Task requirements: All lines below starting at the one that holds "1 person dead, 1" and ending at the one that holds "17380 S 77 Point, Hickman, NE 68372" should be printed exactly, ends included. Pictures should not be printed, nor anything else.

Supplied records:
--- START ---
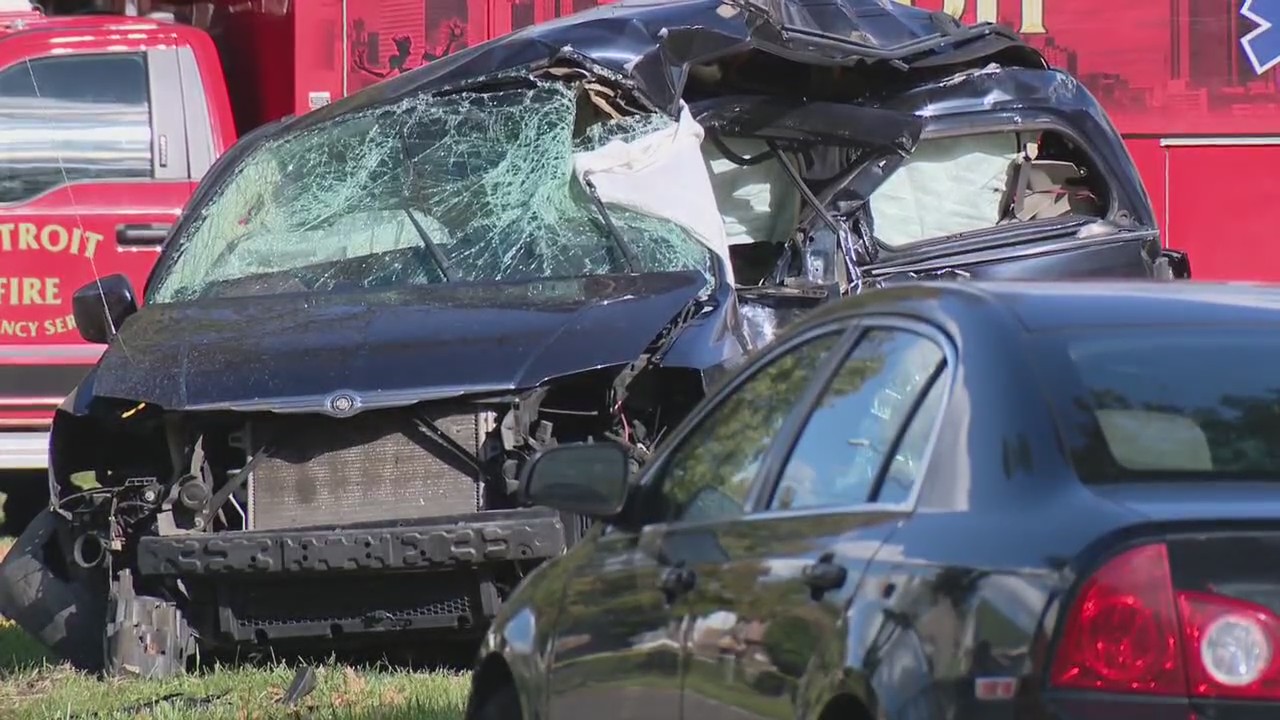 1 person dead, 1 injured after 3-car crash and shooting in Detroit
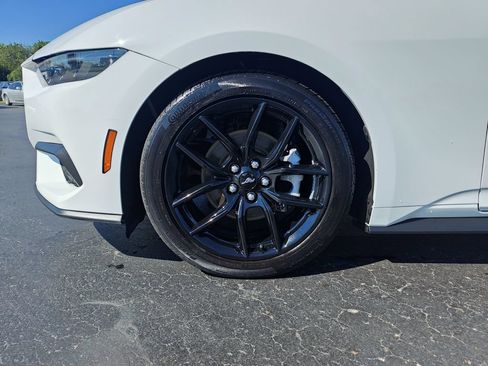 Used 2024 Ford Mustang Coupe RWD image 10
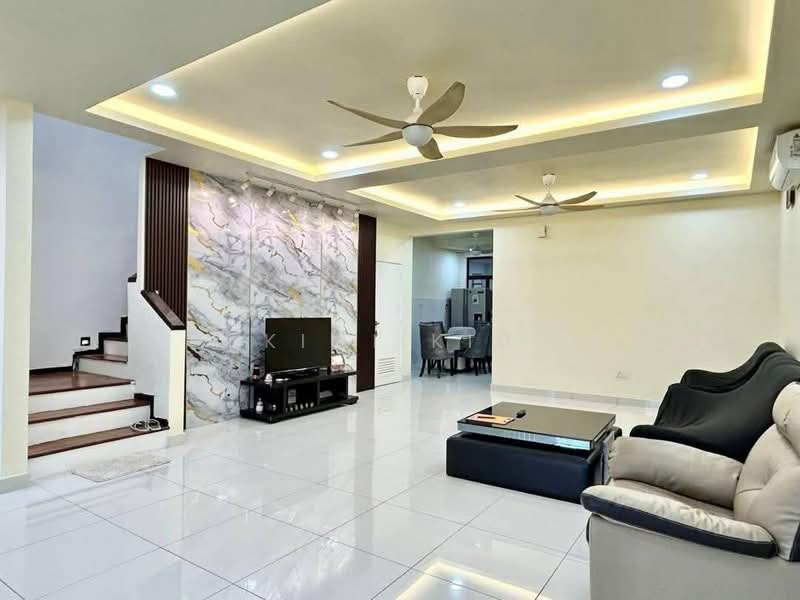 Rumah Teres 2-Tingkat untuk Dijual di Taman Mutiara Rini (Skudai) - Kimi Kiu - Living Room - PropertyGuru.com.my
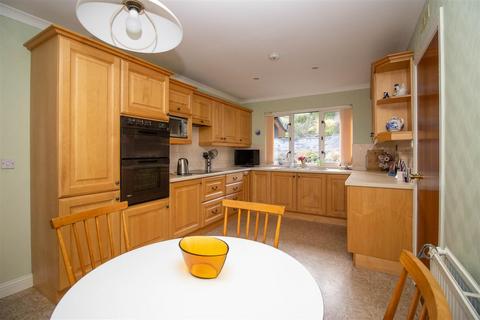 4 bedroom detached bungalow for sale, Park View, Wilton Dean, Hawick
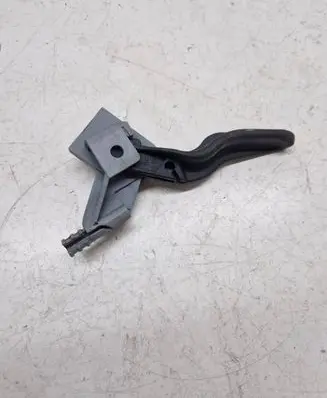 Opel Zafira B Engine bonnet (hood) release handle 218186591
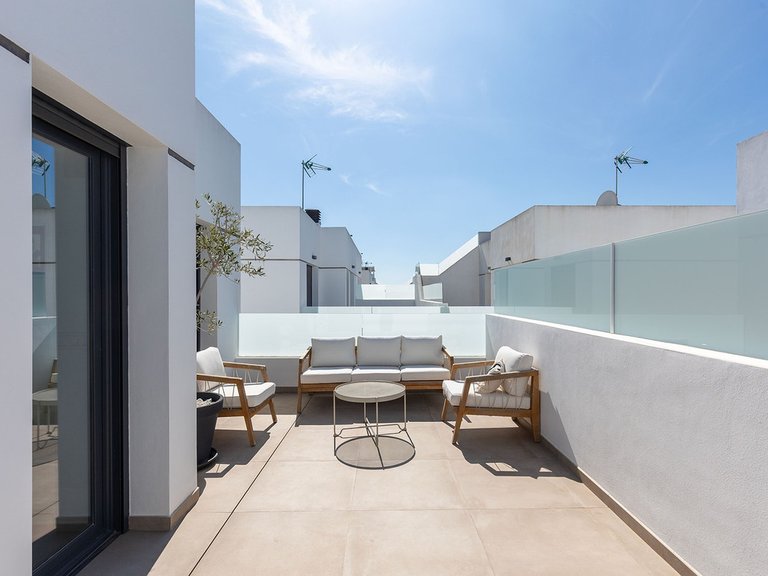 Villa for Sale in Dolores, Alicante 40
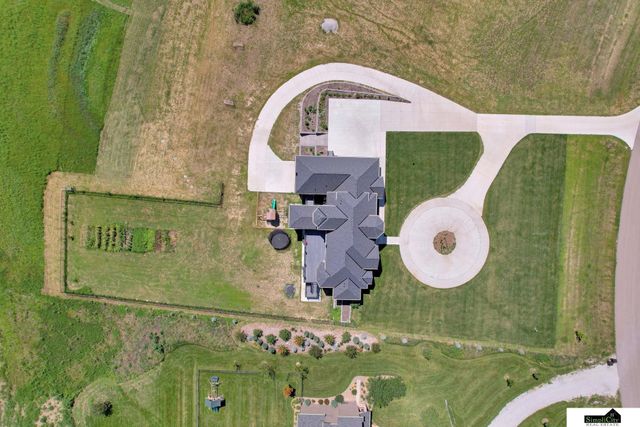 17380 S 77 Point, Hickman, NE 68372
--- END ---
--- START ---
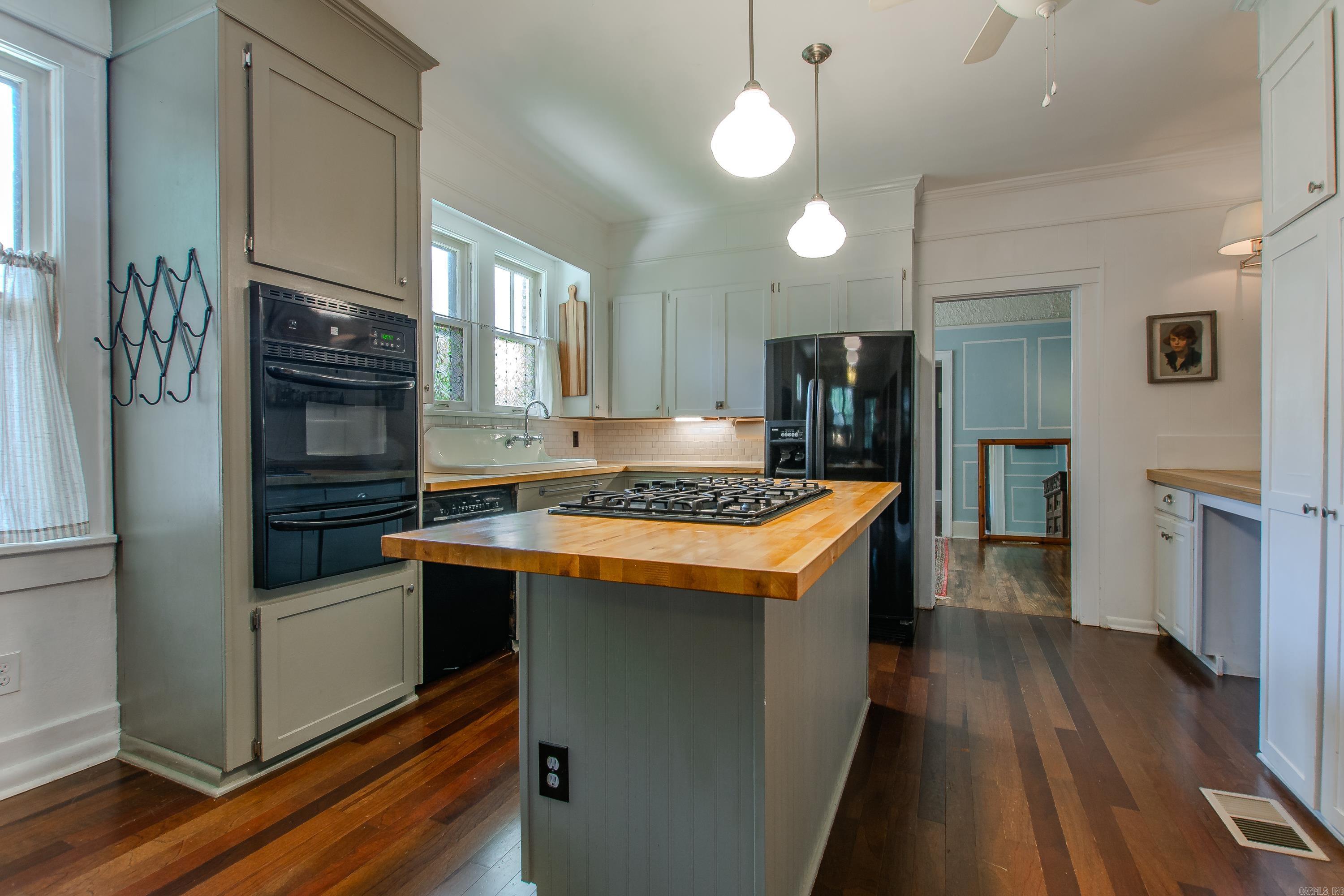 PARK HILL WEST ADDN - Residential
--- END ---
--- START ---
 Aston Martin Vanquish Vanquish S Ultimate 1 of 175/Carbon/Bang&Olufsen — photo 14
--- END ---
Task result:
 1 person dead, 1 injured after 3-car crash and shooting in Detroit
 Used 2024 Ford Mustang Coupe RWD image 10
 Rumah Teres 2-Tingkat untuk Dijual di Taman Mutiara Rini (Skudai) - Kimi Kiu - Living Room - PropertyGuru.com.my
 4 bedroom detached bungalow for sale, Park View, Wilton Dean, Hawick
 Opel Zafira B Engine bonnet (hood) release handle 218186591
 Villa for Sale in Dolores, Alicante 40
 17380 S 77 Point, Hickman, NE 68372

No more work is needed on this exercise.